We now have a resume that continues the curve instead of bending it: detect the failure, fence the survivors into a clean group, restore the model, optimizer, data cursor, and per-rank RNG together, and accept statistical rather than bitwise equivalence. What we have assumed throughout is that the job comes back at the same size it left. The next section drops that assumption. Elastic training rebuilds the process group at whatever size the cluster can currently offer, so a job that loses a node does not wait for a replacement but shrinks and keeps going, and a job that gains nodes grows. That flexibility, and the rescaling of batch size and learning rate it forces, is the subject of Section 18.4.
Code 18.3.1's buggy resume replays data by restarting the epoch stream, and produces a visible loss spike. Describe the opposite bug, a resume that skips a band of examples (for instance, by advancing the cursor past the batch the crashed step never finished). Explain why skipping produces no loss spike at the resume point yet still yields a worse final model, and why skipping is therefore the more dangerous bug to ship. State one logging signal you would add to catch a skip bug that the loss curve alone will not reveal.
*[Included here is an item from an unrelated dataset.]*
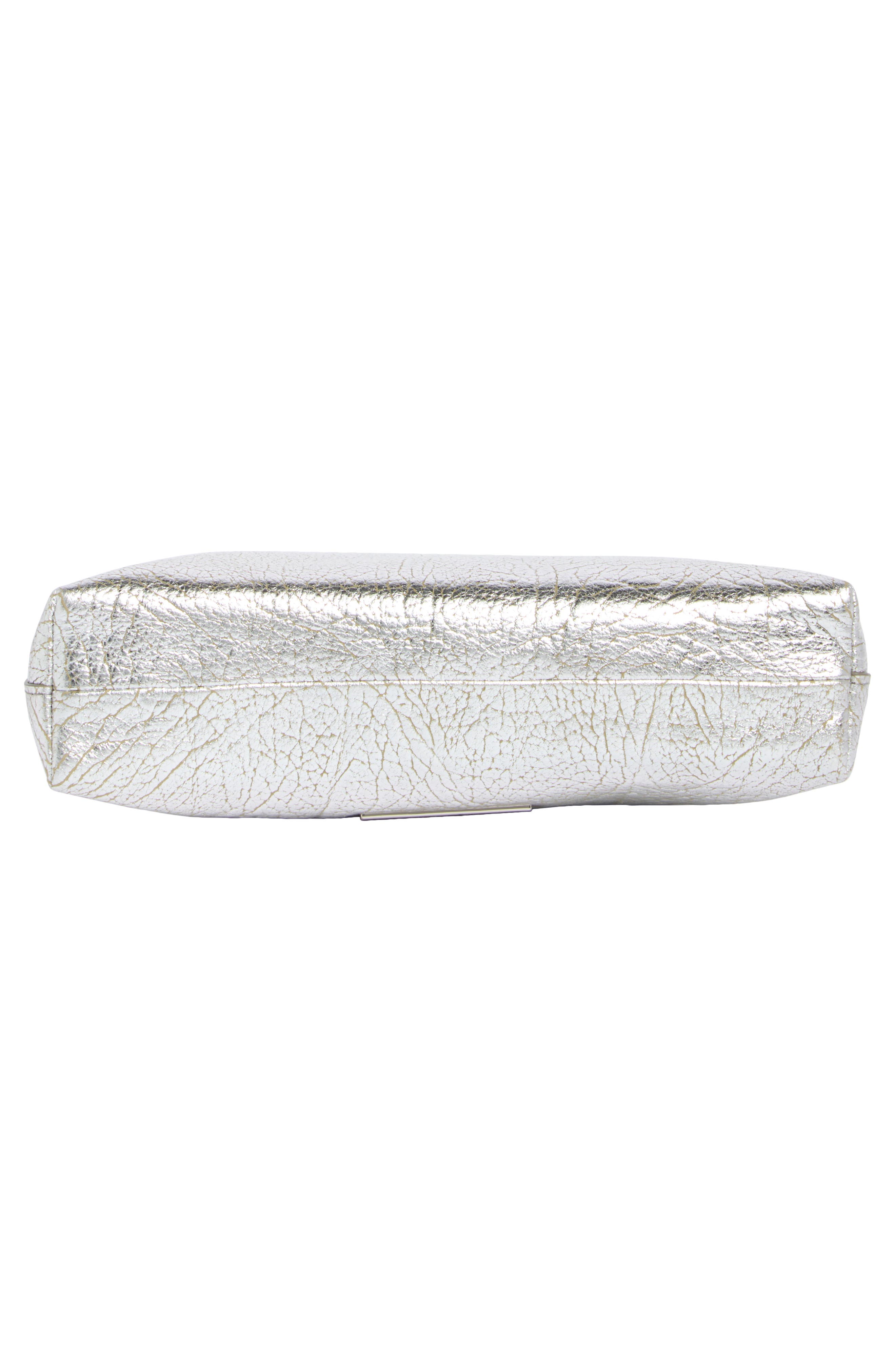 Lorelei Leather Crossbody Bag, Alternate, color, SILVER DUCHESS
Extend Code 18.3.1 to use momentum SGD ($v \leftarrow \mu v + g$, then $w \leftarrow w - \eta v$ with $\mu = 0.9$). Add a fourth run that resumes correctly in every respect except that it restores the weights and the data cursor but resets the momentum buffer $v$ to zero. Measure the loss spike at the resume step and the number of steps it takes to rejoin the reference curve. Compare it to the fully-correct resume, and explain why a zeroed momentum buffer behaves like a temporary learning-rate change.
Section 3 lists three sources of nondeterminism: collective reduction order, nondeterministic GPU kernels, and per-rank RNG divergence. For a synchronous data-parallel job on 1024 GPUs, rank each source by how hard it is to eliminate and estimate the throughput cost of doing so (deterministic kernels, fixed reduction order, per-rank seed management). Then argue, using the statistical-equivalence target of Chapter 5, for which kinds of run (a production pretraining job, a published benchmark for a paper, a debugging session chasing a numerical bug) bitwise determinism is worth its cost and for which it is not.